==== SUPPLIED INFORMATION

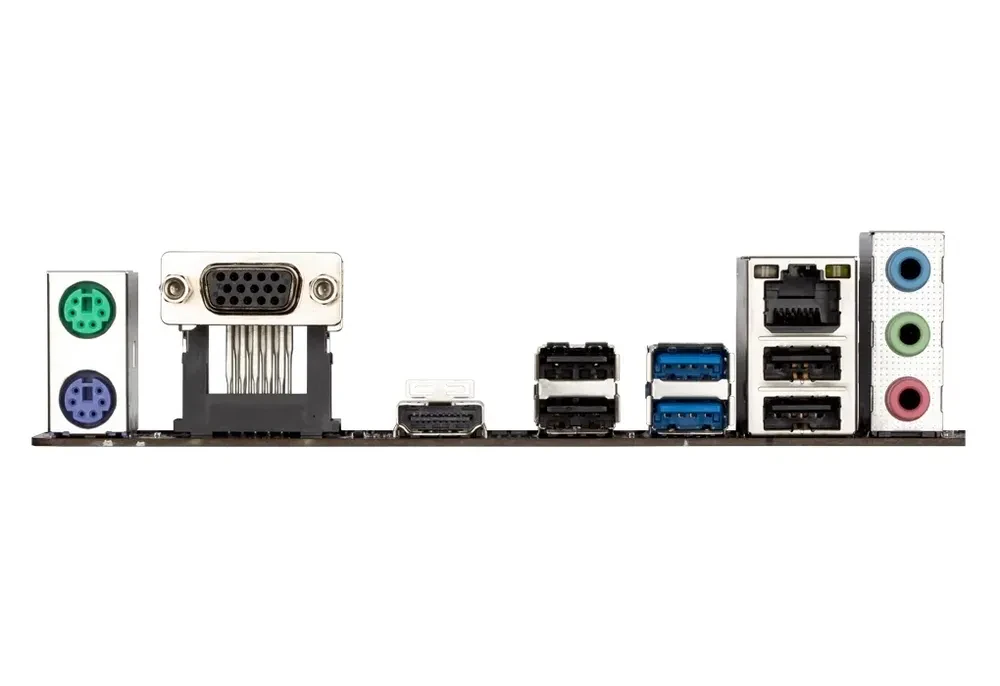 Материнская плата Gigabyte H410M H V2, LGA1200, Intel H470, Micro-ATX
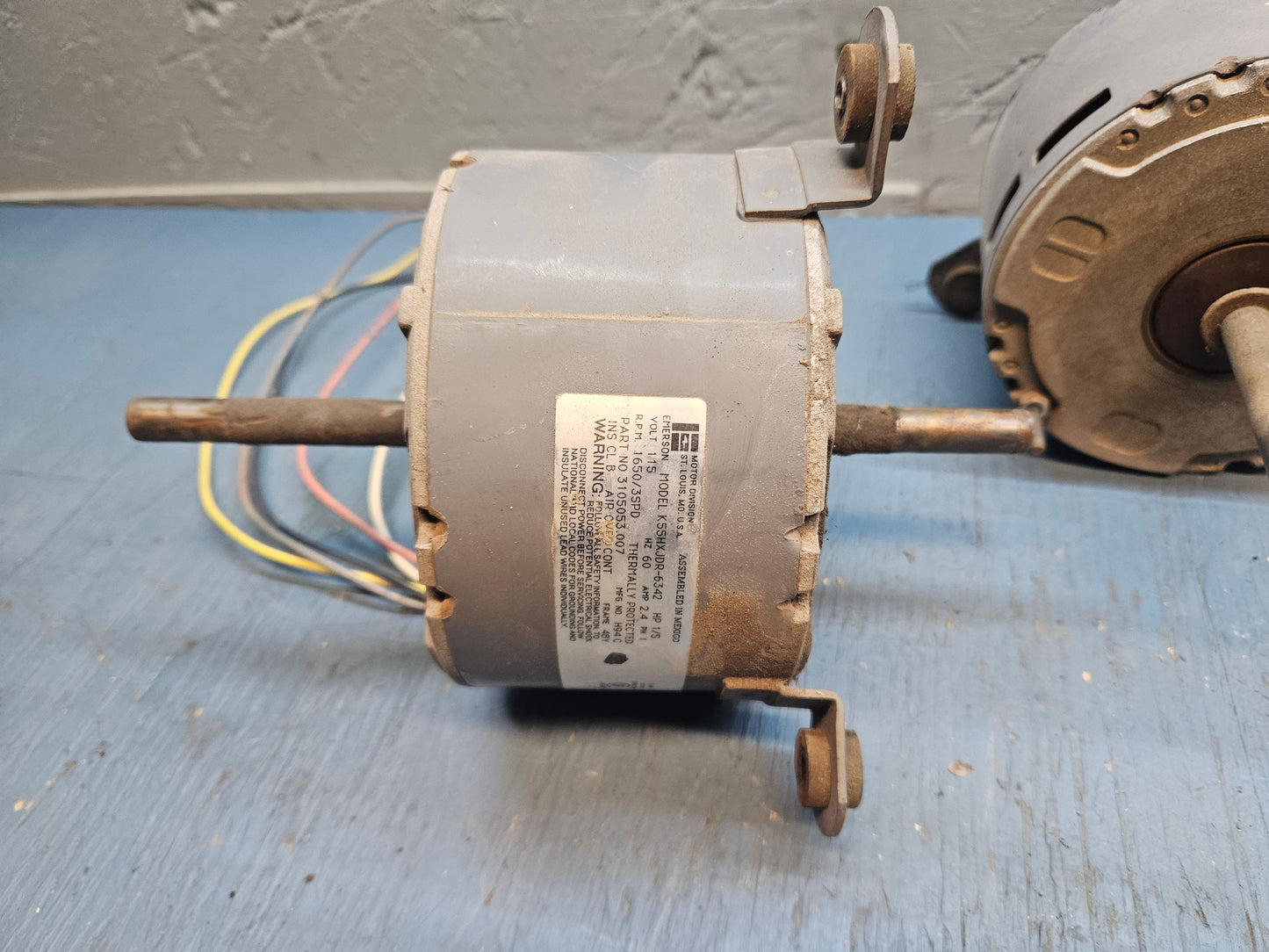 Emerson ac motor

========
==== SUPPLIED INFORMATION

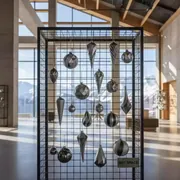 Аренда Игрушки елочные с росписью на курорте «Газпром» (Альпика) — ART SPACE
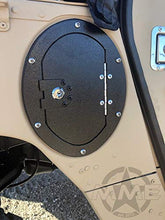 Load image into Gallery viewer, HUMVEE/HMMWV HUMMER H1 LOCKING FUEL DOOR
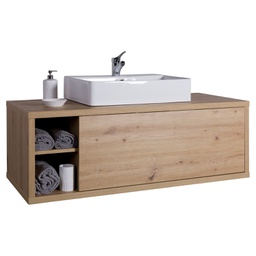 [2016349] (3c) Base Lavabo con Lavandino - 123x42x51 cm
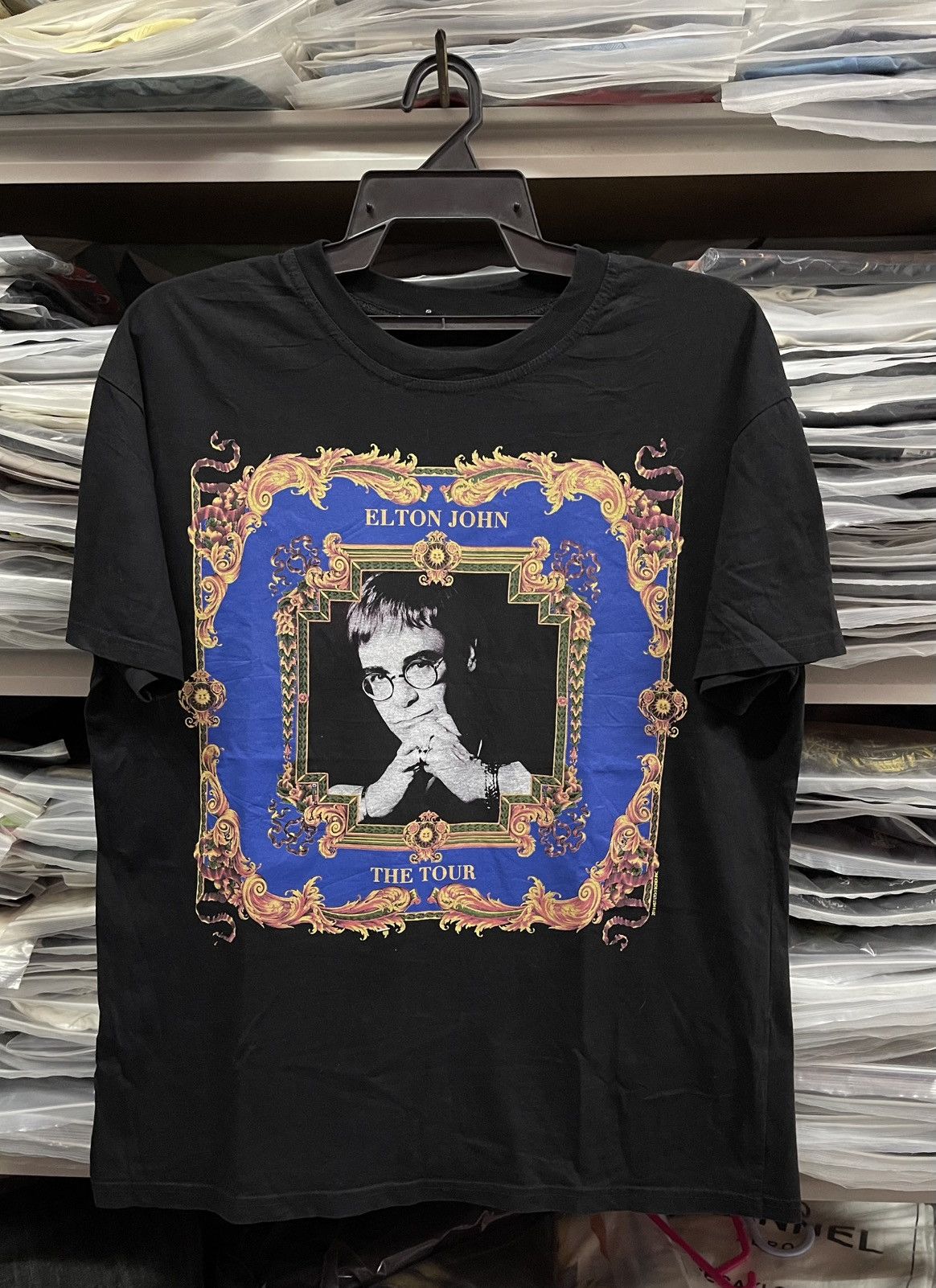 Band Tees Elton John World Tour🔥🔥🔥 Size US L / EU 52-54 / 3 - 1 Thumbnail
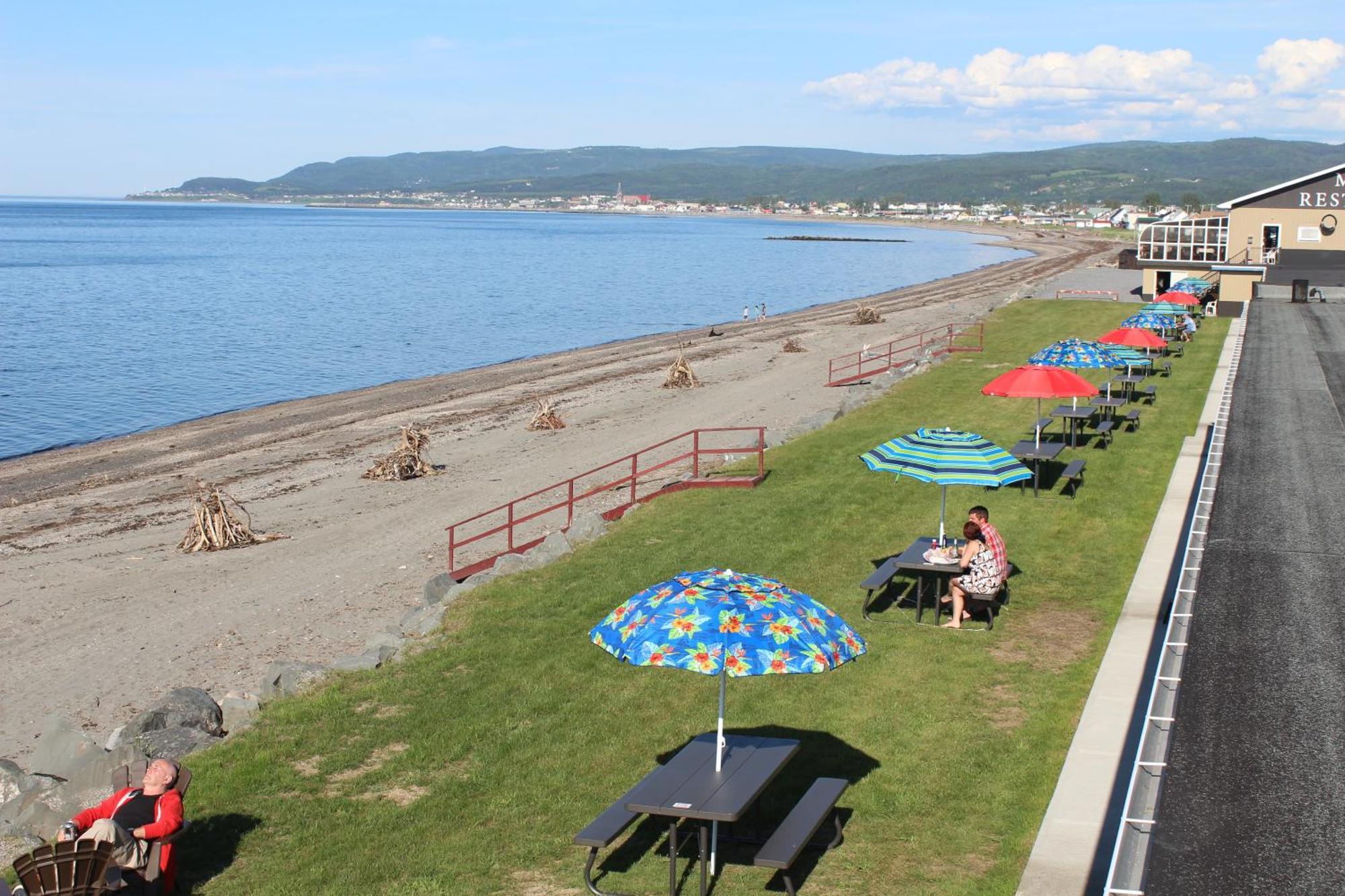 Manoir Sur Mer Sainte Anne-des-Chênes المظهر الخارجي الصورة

========
==== SUPPLIED INFORMATION

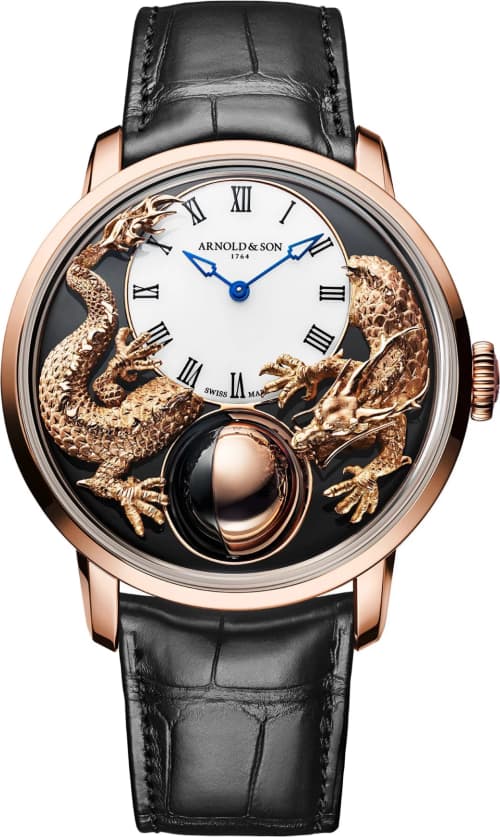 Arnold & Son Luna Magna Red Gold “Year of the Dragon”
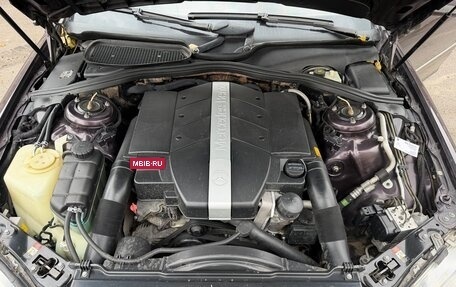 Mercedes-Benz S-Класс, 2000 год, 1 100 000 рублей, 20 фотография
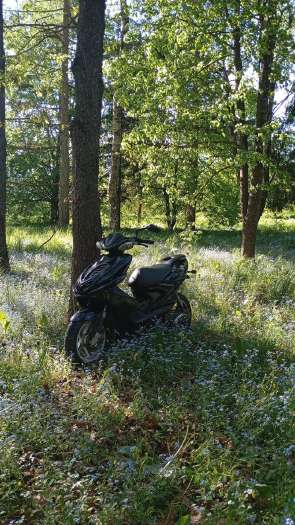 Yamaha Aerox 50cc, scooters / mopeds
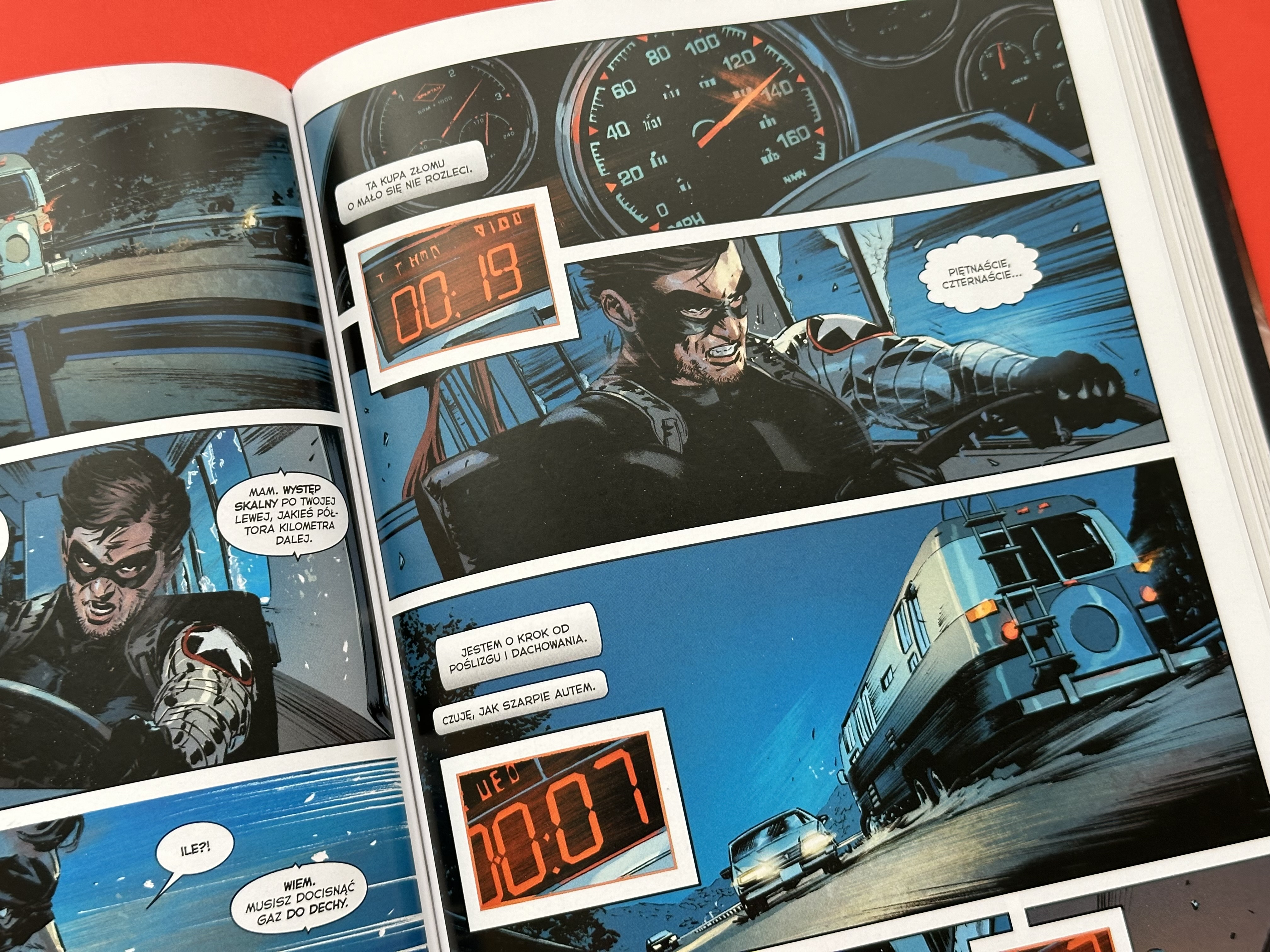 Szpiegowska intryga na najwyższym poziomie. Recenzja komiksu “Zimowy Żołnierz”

========

> [DESCRIPTION OF THE TASK]
What are the lines in the records above, word for word, from the one containing "Материнская плата Gigabyte" through the one containing "Emerson ac motor", both ends included and pictures left out?

> [YOUR SOLUTION]
 Материнская плата Gigabyte H410M H V2, LGA1200, Intel H470, Micro-ATX
 Emerson ac motor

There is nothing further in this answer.